“其实这和我们小时候做的也没什么区别不是吗……?我们两个一起……”骨节分明的手指撑开后在甬道内来回的深入浅出,咕叽作响的肠液随着动作一点点在床上洇出痕迹。
他瞥见奏的耳尖都红了起来,手上的动作却不打算停,直到指尖刮过某一点时察觉到面前人身躯的颤动和刻意压制的轻哼,便又坏心眼的碾了好几下才抽出来。
“已经没有回头路了哥哥,我曾经想过,”楽撑起身和奏的身躯交叠,像猫一样用脸贴着蹭了蹭,“如果我们不是兄弟是不是就不会这样痛苦了?”
他没有等矢沢奏的回答,手把着已经憋闷许久的物什抵在入口轻轻磨蹭,“但我现在又觉得,如果不是半身的兄弟……你又怎么会接受我呢?”
总感觉哪里不太对…但又无法反驳。“楽仗着脑子好使,又在胡说八道了……”奏也回应着熟悉的贴脸环节,好像又回到了小时候的零距离相处。那时候的楽明明还…小小的。像一个小女孩,很想看他穿裙子的模样。自己做的一切,只是想看到楽能露出笑容。只要一陷入小时候的记忆里,好像什么都可以原谅。
被碾过敏感点,后穴传来的刺激感,将奏拉回了现实。“唔…呃……”自己平时的体验是平淡没有波澜的大海,没有痛觉的身体很难有什么触动。新奇而神秘的感觉,很难用言语描述,是之前看b级片没有体会过的…被搅烂了一样混乱……
定神一看楽的脸就在自己面前,后面在被手指侵略…顶着张无害的脸却在干这种事…想这么吐槽的,但发出来的音节都在颤抖。
楽支起上身时,发出的疑问。还没等自己缓过声调开口,就感受到后穴处的触感变化。这一次,似乎真的没有回头路了。
“楽就是楽…就算是女孩,是哥哥,甚至是没有血缘关系的陌生人,都没有关系。…我爱的只是楽本身的存在……”奏流露出柔和的表情,“没用的老爹老妈留给我,在世间唯一的礼物。”

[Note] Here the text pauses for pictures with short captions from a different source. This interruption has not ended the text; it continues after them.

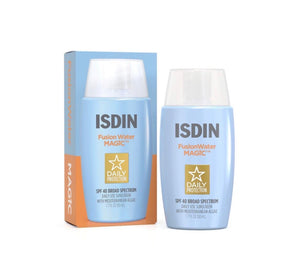 ISDIN Fusion Water MAGIC SPF 40
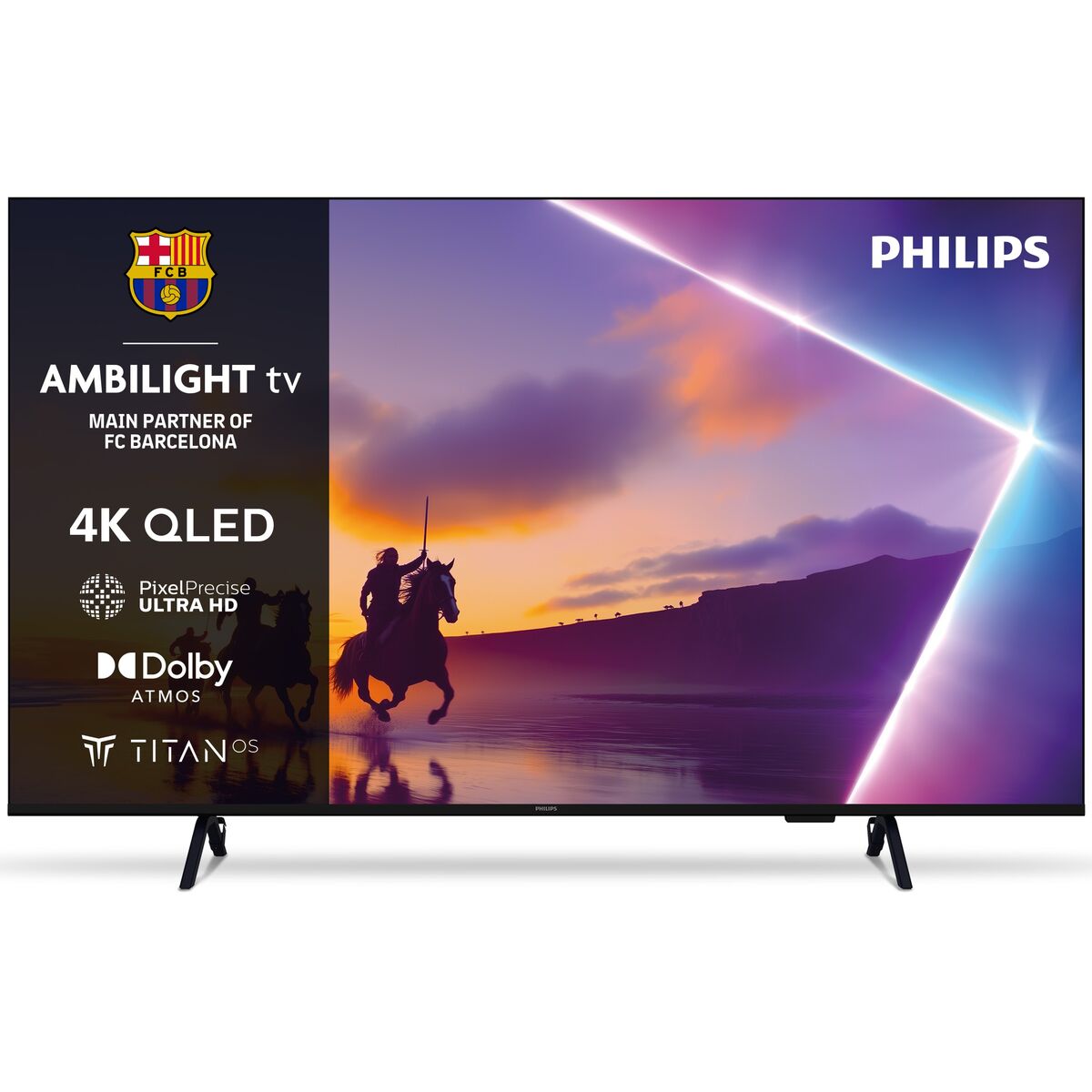 TV intelligente Philips 43PUS8400/12
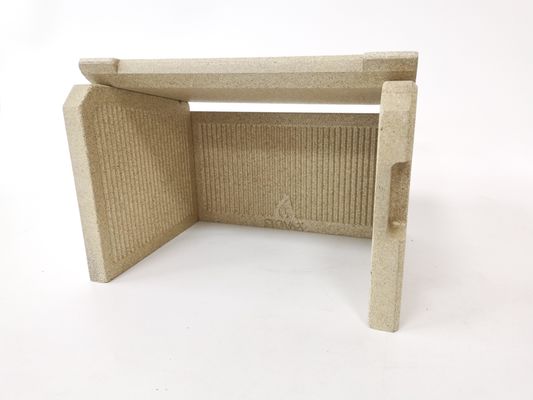 kwaliteit  Practical Vermiculite Refractory Panel For Wood Stoves and Fireplaces fabriek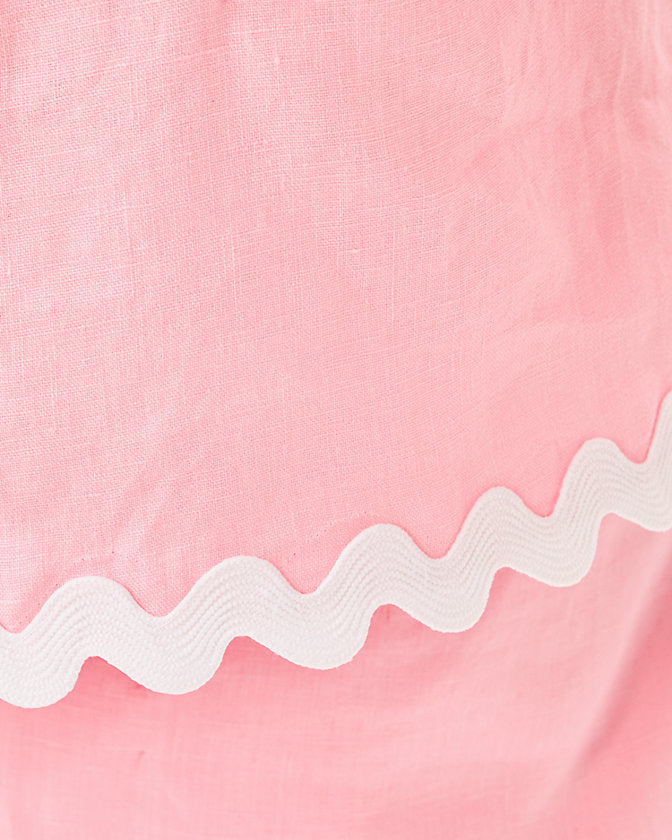 Lilly Pulitzer | Nic Ric Rac Trim Top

奏顿了顿,缓缓用双手拔开穴口,没有羞耻是骗人的,做完今天的事情感觉可以一头撞死的程度。但这样楽似乎会更开心一点…说出了常用语排行第一的。“如果是楽想的话。”
“……太过分了。”对一直恋慕哥哥的自己说这样的话。
明知道对方是不会因为粗暴的行为疼痛的类型,楽仍然克制着自己直接侵占的欲望,直到现在更类似于邀请的接纳。

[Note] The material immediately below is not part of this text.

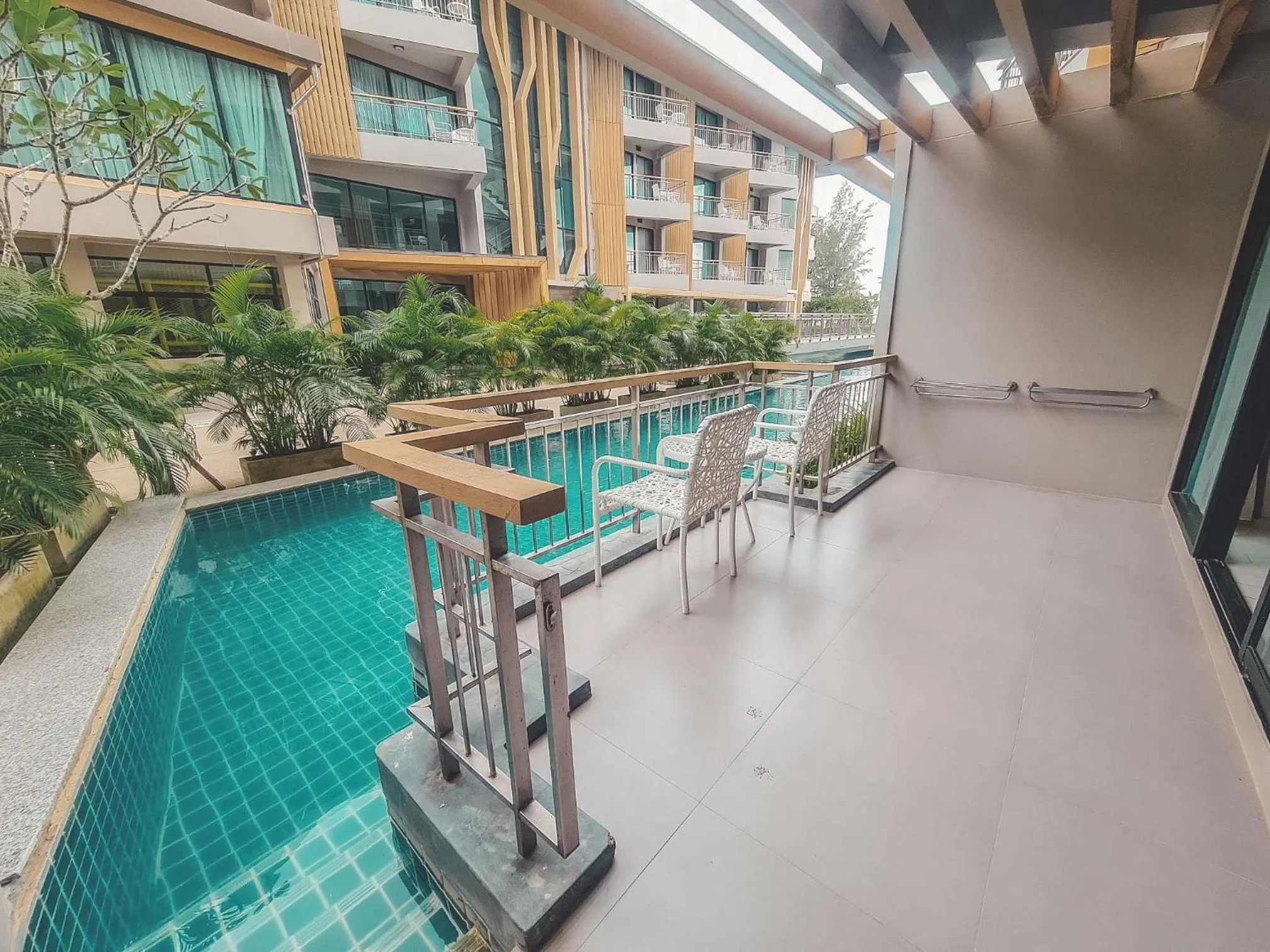 View (from property/room) in Sand Dunes Chaolao Beach Resort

顺着穴肉开口的挺入很是顺畅,约莫是先前的扩张起了作用,他小心地用鼻尖去碰触着哥哥的脸颊,却在唇边犹豫了阵,只是点了点。对矢沢楽来说,肉体交合所能带来的快感远不及精神上占有的满足感,但既然哥哥已经做出了让步,却也可以循序进着让对方去接受,不需要再做过多的强求。
他依着先前的印象重新磨蹭到了那一点附近,随后吸了一口气用力地顶撞过去。
做爱原来是这样的感觉……奏眯着眼睛,感受弟弟进入自己身体里来,温吞小火慢煮一样。“嗯…楽进来了……”不知道开口说什么,只好直接表达自己看到的东西。干硬的台词,拍成片给自己看也会萎掉吧。但那种「太大了」「请用大鸡巴满足我」怎么可能说得出口。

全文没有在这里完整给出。